Contrary to anxieties expressed recently in Times Higher Education ("Fight or flight", 16 October), the new powers given to colleges to award foundation degrees do not pose a threat to the successful and fruitful partnerships between universities and colleges.
Instead, they allow each partner to play to its strengths and to help build on the success of foundation degrees as flexible qualifications that are attractive to students, employers and universities.
Fears that the quality of the overall higher education offer will be diluted are unfounded. The Quality Assurance Agency judges 99 per cent of higher education courses in colleges to be "commendable or approved", and there are a number of checks and balances set out in the Further Education and Training Act 2007 to ensure that the same quality standards apply to foundation degrees.
Under the Act, powers will initially be granted to colleges only for a limited period of six years, after which the Privy Council will have the opportunity to confirm those powers indefinitely or, should quality standards be a concern, refuse to do so.
Similarly, any college wishing to apply for the powers must have at least four consecutive years' experience of delivering at this level. No application will be considered unless the college has consulted its students and gained the support of its governing body. In addition to these safeguards, the impact of the Act will be reviewed after four years.

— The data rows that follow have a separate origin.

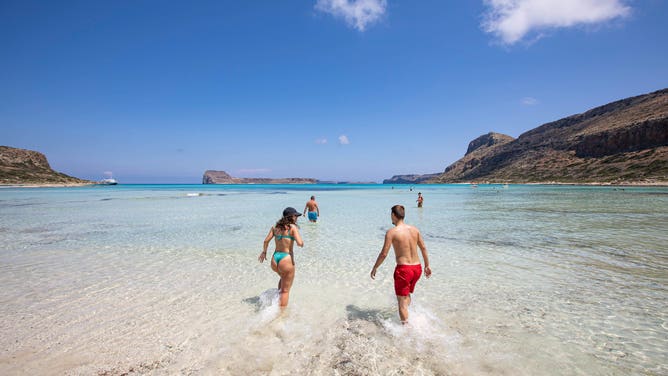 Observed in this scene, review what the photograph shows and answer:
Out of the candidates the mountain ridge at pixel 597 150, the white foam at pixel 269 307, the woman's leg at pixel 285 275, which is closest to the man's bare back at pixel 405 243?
the woman's leg at pixel 285 275

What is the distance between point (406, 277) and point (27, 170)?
156471 mm

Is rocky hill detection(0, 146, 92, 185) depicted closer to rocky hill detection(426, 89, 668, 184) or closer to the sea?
the sea

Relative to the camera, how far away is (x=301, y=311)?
6016mm

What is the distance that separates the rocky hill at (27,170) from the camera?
9729 centimetres

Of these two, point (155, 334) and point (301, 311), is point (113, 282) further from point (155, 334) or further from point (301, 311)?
point (301, 311)

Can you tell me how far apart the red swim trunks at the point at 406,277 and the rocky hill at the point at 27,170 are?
133797 mm

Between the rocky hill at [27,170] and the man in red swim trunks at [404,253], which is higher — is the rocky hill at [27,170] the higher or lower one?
the higher one

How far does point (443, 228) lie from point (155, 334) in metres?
14.7

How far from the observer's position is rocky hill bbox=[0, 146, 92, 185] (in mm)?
97294

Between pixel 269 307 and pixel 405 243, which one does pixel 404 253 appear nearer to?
pixel 405 243

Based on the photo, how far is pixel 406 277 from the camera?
5.08 meters

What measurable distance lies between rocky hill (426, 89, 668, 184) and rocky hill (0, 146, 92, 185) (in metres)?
175

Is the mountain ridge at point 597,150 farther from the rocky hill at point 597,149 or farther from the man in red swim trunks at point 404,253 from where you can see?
the man in red swim trunks at point 404,253

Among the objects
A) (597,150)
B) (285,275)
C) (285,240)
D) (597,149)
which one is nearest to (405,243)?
(285,240)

Fears of dilution of standards through franchise are also misplaced and potentially mischievous. Colleges will not have "an unlimited ability to franchise foundation degrees" as was feared by some interviewed for the feature.
In contrast to the awarding powers granted to universities under the Further and Higher Education Act 1992, the college offer will be restricted to students enrolled at the awarding institution and, in the first instance, that institution will not be able to authorise other institutions to award its foundation degrees.
The fundamental link between foundation and honours degrees will not be severed. The legislation specifically requires all foundation degrees to be articulated with higher level provision, including honours provision but also, should the student choose, to other higher level qualifications such as those offered by professional bodies.
Nor are all colleges clamouring to become higher education institutions. As detailed in Times Higher Education, Bradford College has indicated its intention to pursue full degree-awarding powers, but only a handful of colleges have made the move into the higher education sector. Apart from these institutions, it is difficult to discern any significant interest from others.
There is certainly no reason why the advent of foundation degree-awarding powers for colleges should signal the end of positive relationships between colleges and universities. In fact, both types of institution have the potential to benefit greatly from the new situation, as do the students and communities we all serve.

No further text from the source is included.